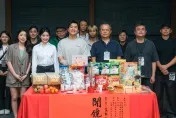 Joeman風波後自嘲「會報應在我身上」！被問「Toyz入獄」43字回應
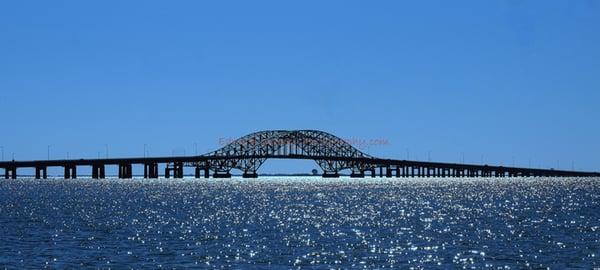 Robert Moses Glittering Waters  
 www.edwardmooneyphotography.com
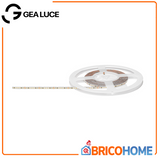 GeaLuce Strip Led 5mm rotolo da 5 metri 4000K 90W 24V IP20 - GST160N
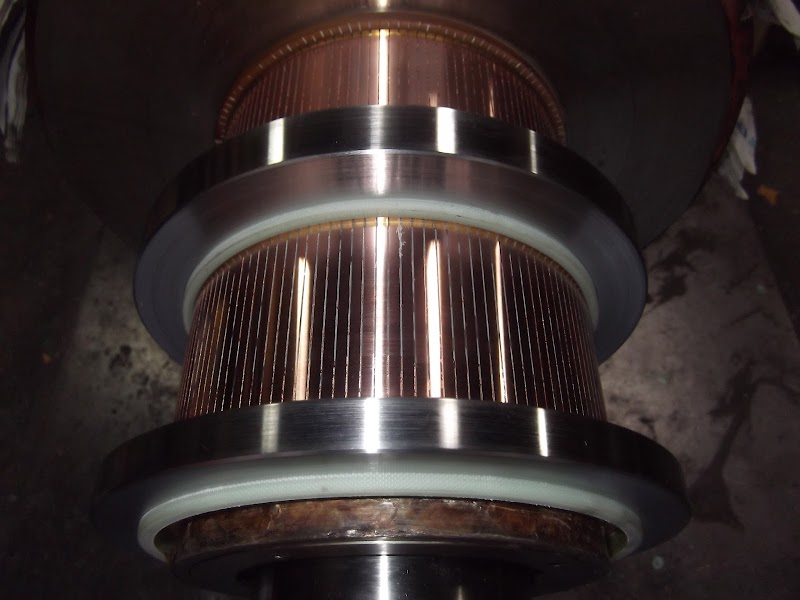 株式会社TOWATECHNO 西神戸工場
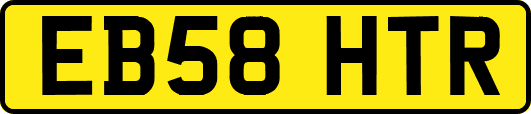 EB58HTR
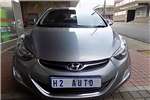  2013 Hyundai Elantra Elantra 1.6 GLS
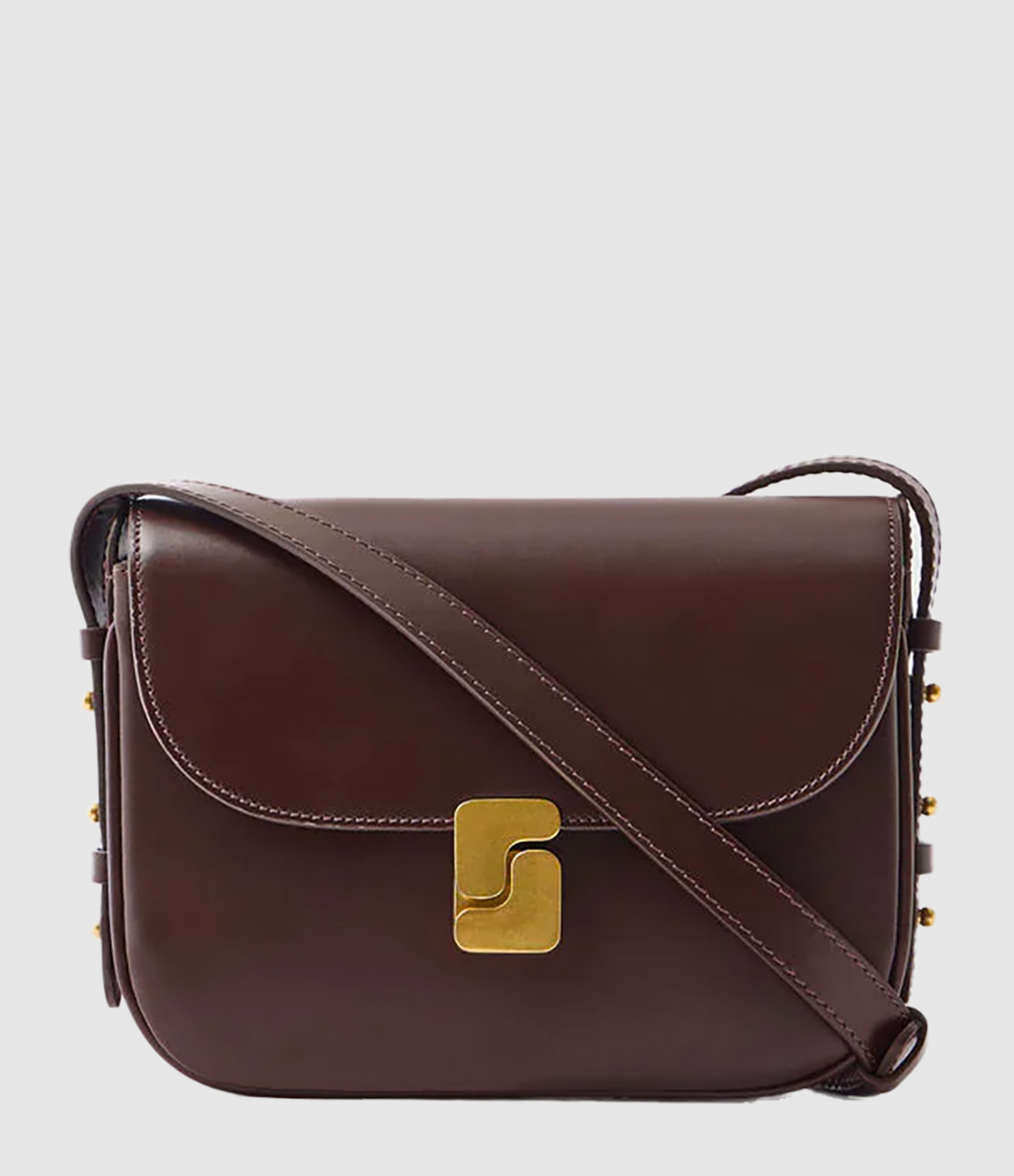 Sac Bellissima Mini Chocolat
════════
### Directions:
Restate the entries above word for word, minus the pictures.

### Result:
 Joeman風波後自嘲「會報應在我身上」！被問「Toyz入獄」43字回應
 Robert Moses Glittering Waters  
 www.edwardmooneyphotography.com
 GeaLuce Strip Led 5mm rotolo da 5 metri 4000K 90W 24V IP20 - GST160N
 株式会社TOWATECHNO 西神戸工場
 EB58HTR
  2013 Hyundai Elantra Elantra 1.6 GLS
 Sac Bellissima Mini Chocolat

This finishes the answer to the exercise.